*Extracted records*.
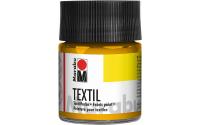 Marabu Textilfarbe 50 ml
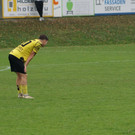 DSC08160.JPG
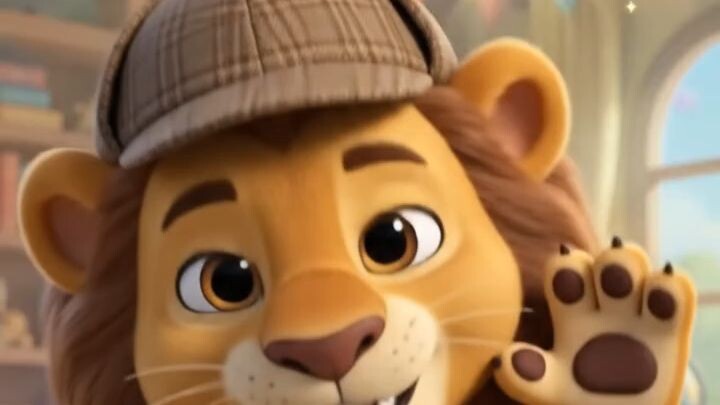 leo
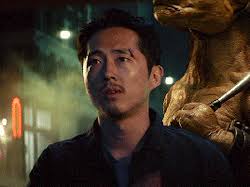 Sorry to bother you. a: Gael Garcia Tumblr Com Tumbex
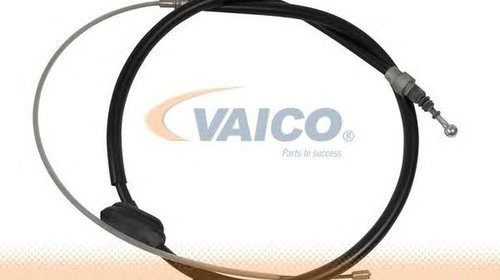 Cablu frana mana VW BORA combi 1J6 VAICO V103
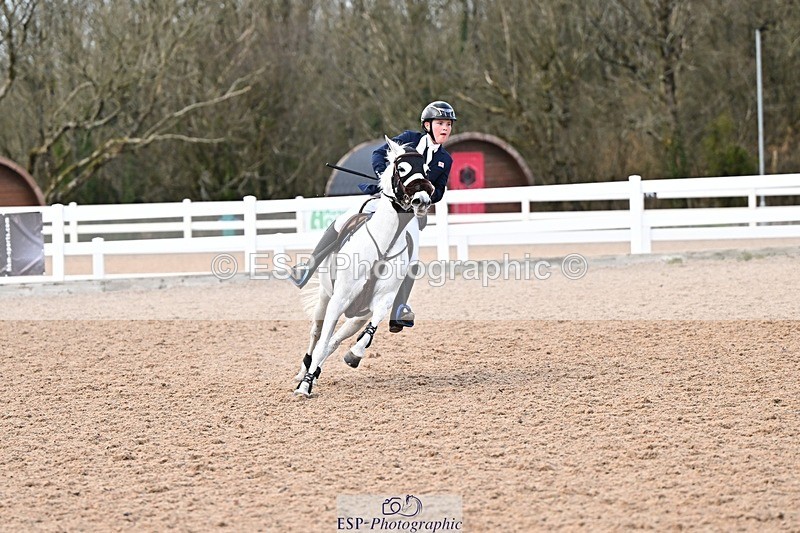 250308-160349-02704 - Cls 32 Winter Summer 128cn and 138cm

*Prompt*.
Give back word for word the lines from the one containing "Cablu frana mana" through the final line of the data above. Pictures are to be left out.

*Response to this task*.
 Cablu frana mana VW BORA combi 1J6 VAICO V103
 250308-160349-02704 - Cls 32 Winter Summer 128cn and 138cm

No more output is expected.